Pour tester la relation entre transition religieuse et vote au deuxième tour de l’élection présidentielle de 2018, le graphique ci-après présente le rapport entre le ratio des taux de vote valides dans Bolsonaro et Haddad (RBH) et le ratio entre le nombre d’évangéliques et le nombre de catholiques (REC), pour tous les Etats de la République fédérale du Brésil, selon les données du recensement démographique de 2010 (qui sont les dernières données disponibles de l’IBGE – Institut brésilien de géographie et de statistique). Autrement dit, le tableau teste si l’avance évangélique dans les Etats [liste des Etats avec leur acronyme] est corrélée à une plus grande proportion de votes pour Bolsonaro et si la plus grande présence catholique est corrélée à une plus grande proportion de voix en faveur d’Haddad.
Comme le montre la courbe exponentielle rouge du graphique, il existe une relation positive entre l’avancée de la transition religieuse et le vote de Jair Bolsonaro (avec un R2 de 52%). De toute évidence, la variable religion n’est pas la seule à expliquer le résultat électoral de 2018, mais elle avait un poids fondamental.
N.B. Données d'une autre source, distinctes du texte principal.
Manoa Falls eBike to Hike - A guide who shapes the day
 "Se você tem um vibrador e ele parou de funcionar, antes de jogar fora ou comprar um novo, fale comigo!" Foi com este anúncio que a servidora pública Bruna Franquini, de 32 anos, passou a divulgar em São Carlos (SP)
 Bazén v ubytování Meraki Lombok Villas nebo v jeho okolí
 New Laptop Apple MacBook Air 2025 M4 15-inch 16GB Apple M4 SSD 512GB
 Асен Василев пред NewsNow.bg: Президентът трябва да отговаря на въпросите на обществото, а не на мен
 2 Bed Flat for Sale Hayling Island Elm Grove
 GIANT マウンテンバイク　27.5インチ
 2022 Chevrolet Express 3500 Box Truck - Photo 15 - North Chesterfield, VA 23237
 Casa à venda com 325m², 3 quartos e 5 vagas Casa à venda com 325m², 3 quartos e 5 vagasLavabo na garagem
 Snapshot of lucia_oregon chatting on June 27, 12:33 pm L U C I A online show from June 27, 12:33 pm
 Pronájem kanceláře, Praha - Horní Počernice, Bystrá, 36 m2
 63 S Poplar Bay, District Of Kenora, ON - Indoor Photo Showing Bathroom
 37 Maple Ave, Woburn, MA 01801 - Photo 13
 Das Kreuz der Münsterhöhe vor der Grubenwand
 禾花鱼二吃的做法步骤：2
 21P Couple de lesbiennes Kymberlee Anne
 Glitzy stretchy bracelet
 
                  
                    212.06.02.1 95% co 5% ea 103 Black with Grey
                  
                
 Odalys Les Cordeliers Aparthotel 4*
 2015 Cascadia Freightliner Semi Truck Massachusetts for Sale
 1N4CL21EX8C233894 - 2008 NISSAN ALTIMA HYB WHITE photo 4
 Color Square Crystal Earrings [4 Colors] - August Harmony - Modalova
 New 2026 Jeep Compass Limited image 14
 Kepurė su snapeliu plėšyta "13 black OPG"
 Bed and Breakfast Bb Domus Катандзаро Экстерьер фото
On peut noter sur le graphique que les quatre Etats [5] les plus avancés de la transition religieuse (Rondônia, Roraima, Acre et Rio de Janeiro) ont donné une victoire retentissante au candidat du Parti social-libéral. Les Etats du Nordeste (qui ont la plus faible proportion d’évangéliques) ont donné une victoire significative au candidat PT. Le petit Etat du Piauí, qui a le plus faible REC (catholiques), est celui qui a donné la plus grande proportion de voix à Haddad (RBH pourtant inférieur). Mais comme la religion n’explique pas tout, le cas de Santa Catarina montre que la deuxième plus forte proportion de votes pour Bolsonaro (taux élevé de RBH) s’est produite dans un Etat où la présence évangélique est faible (faible ratio de catholiques – REC).
Jair Bolsonaro lors du culte dans le temple de l’Assemblée de Dieu (Asemmbleia de Deus), avec le pasteur très connu : Silas Malafaia
En bref, le vote évangélique a été décisif lors de l’élection présidentielle de 2 018. En raison de l’égalité distributive du vote au sein de la population catholique, la grande victoire de Bolsonaro parmi les évangéliques (plus de 11 millions de voix) a été suffisante pour assurer un avantage d’un peu moins de 11 millions de voix (les 10,76 mentionnés) lors du deuxième tour du 28 octobre.
L’avancée des évangéliques dans la société est un processus connu. L’avancée des évangéliques en politique (comme dans le Front parlementaire évangélique) est également un processus connu. Ce qui pourrait être considéré comme une surprise, c’est l’anticipation de l’arrivée des évangéliques au palais présidentiel (Planalto) et l’ampleur de la victoire en 2018. Les évangéliques sont sans aucun doute devenus une force politique décisive.
Il reste à voir si cela deviendra soit un vecteur d’avancée de l’entreprenariat et de réduction de la pauvreté (comme le prêche « la théologie de la prospérité » des évangéliques), soit un vecteur de conservatisme comportemental et de restriction des libertés démocratiques, comme le confirme l’orientation du capitaine Jair Messias Bolsonaro.
Le monde fonctionne par « cycles ». Le cycle actuel, du moins à court et à moyen terme, tend à favoriser l’influence évangélique au Brésil.